- INSTRUCTIONS FOR THE TASK -
From the first line to the last, please reproduce the material exactly, skipping the pictures.

- PROVIDED DATA -
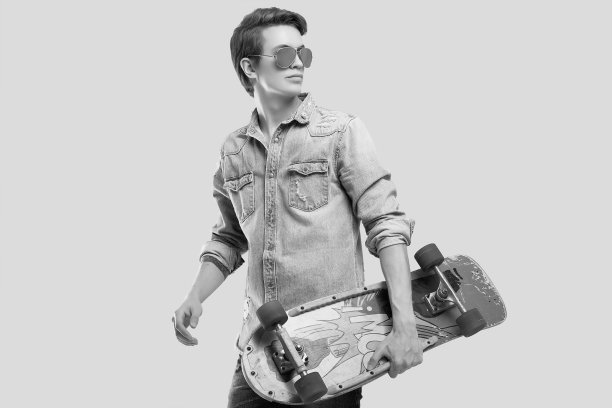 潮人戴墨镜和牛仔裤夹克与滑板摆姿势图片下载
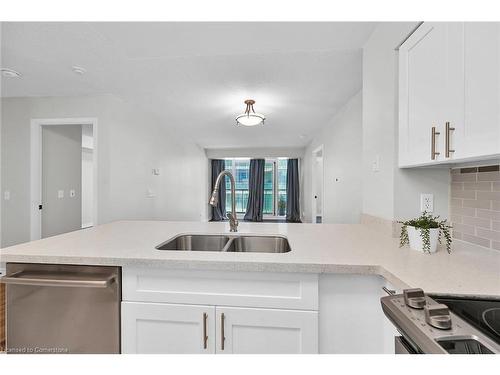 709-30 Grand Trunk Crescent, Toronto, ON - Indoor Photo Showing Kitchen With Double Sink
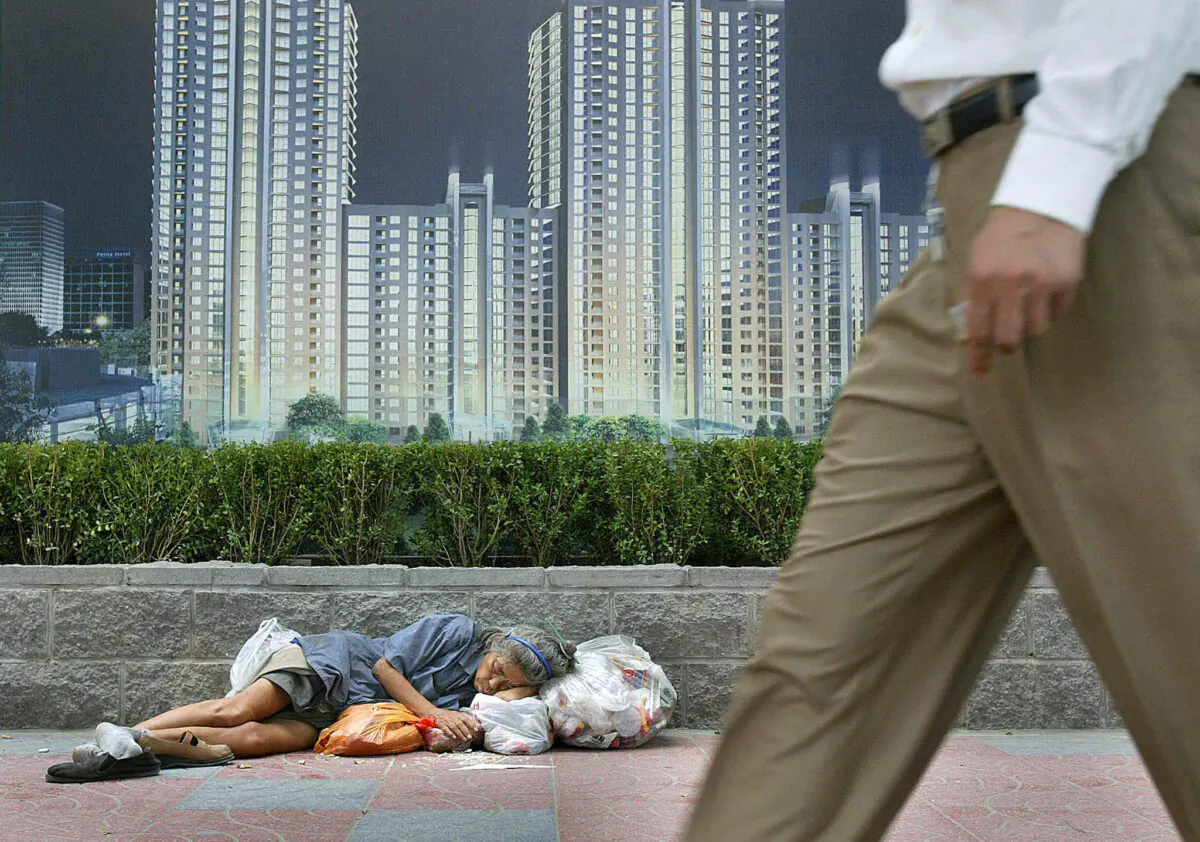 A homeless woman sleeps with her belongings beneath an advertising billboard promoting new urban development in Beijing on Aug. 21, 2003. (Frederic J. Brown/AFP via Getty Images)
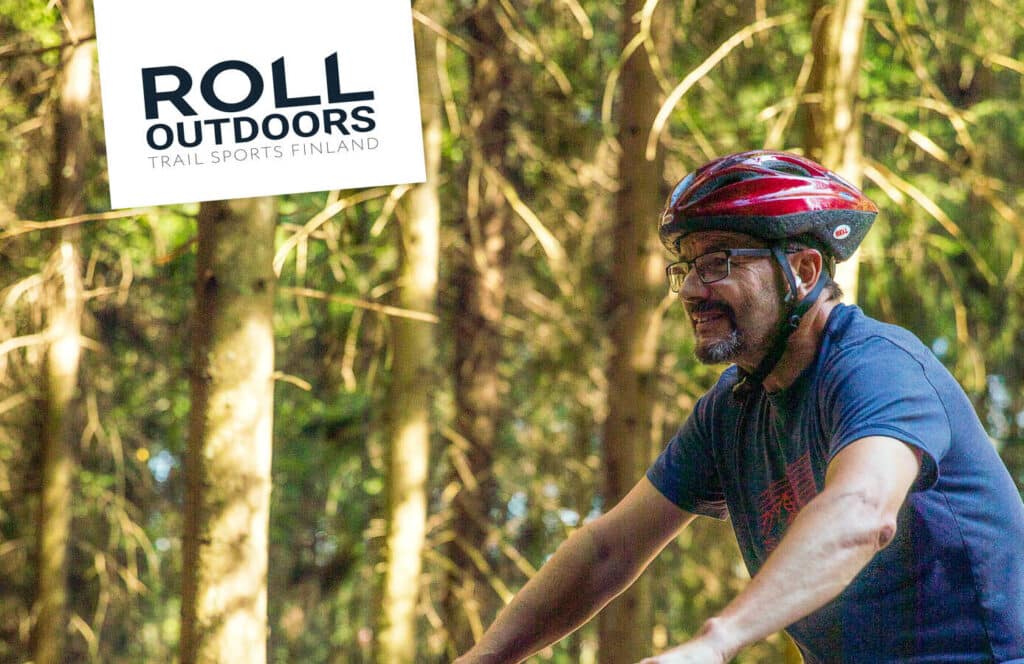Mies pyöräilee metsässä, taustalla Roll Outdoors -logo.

- OUTPUT BELOW -
 潮人戴墨镜和牛仔裤夹克与滑板摆姿势图片下载
 709-30 Grand Trunk Crescent, Toronto, ON - Indoor Photo Showing Kitchen With Double Sink
 A homeless woman sleeps with her belongings beneath an advertising billboard promoting new urban development in Beijing on Aug. 21, 2003. (Frederic J. Brown/AFP via Getty Images)
Mies pyöräilee metsässä, taustalla Roll Outdoors -logo.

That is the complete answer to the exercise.